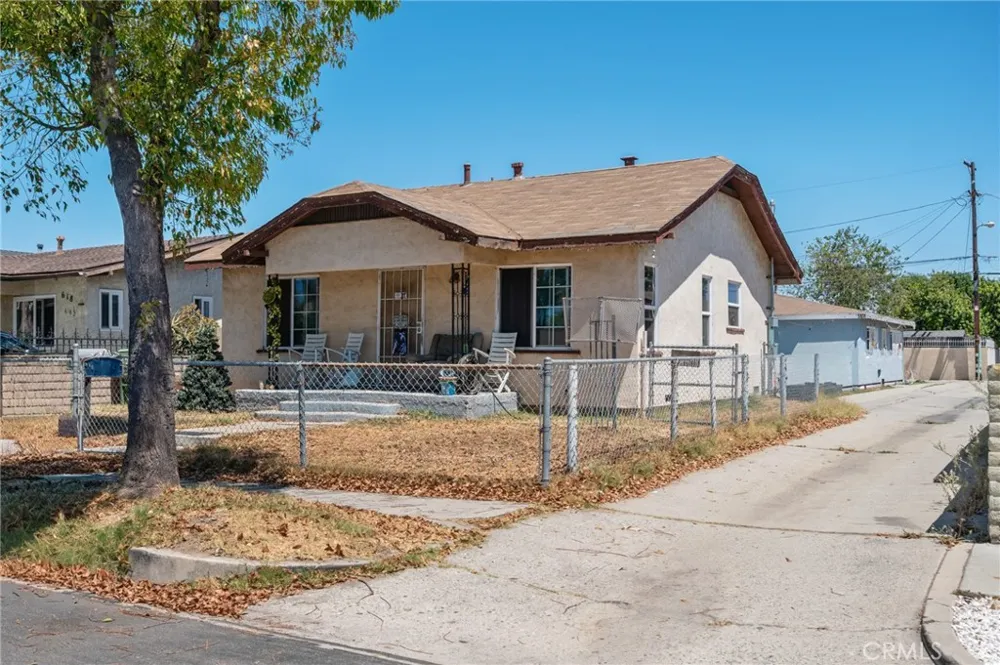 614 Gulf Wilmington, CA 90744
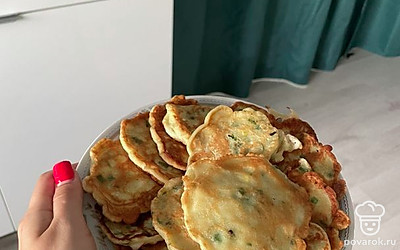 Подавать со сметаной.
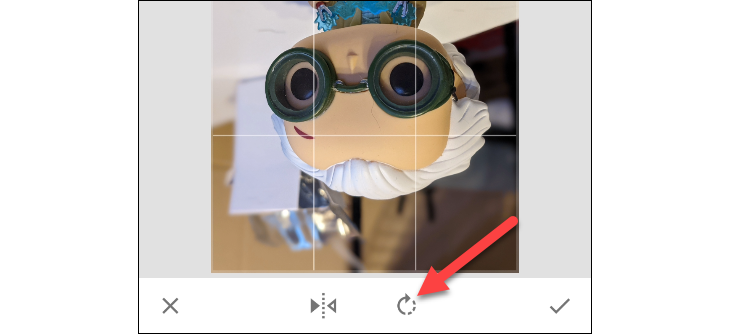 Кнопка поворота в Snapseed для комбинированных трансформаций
...
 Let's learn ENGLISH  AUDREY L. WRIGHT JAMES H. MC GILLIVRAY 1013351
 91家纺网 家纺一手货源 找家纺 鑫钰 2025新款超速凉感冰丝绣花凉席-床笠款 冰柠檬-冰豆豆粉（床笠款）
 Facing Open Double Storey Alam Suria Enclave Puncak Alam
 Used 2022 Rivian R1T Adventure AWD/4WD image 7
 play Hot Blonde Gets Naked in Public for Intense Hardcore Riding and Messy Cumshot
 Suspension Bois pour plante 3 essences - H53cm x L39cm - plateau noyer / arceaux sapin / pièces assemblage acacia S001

Work instructions:
In the data above, find the line with "Facing Open Double" and the line with "Suspension Bois pour". Retype both, plus every line between them, exactly.

Response area:
 Facing Open Double Storey Alam Suria Enclave Puncak Alam
 Used 2022 Rivian R1T Adventure AWD/4WD image 7
 play Hot Blonde Gets Naked in Public for Intense Hardcore Riding and Messy Cumshot
 Suspension Bois pour plante 3 essences - H53cm x L39cm - plateau noyer / arceaux sapin / pièces assemblage acacia S001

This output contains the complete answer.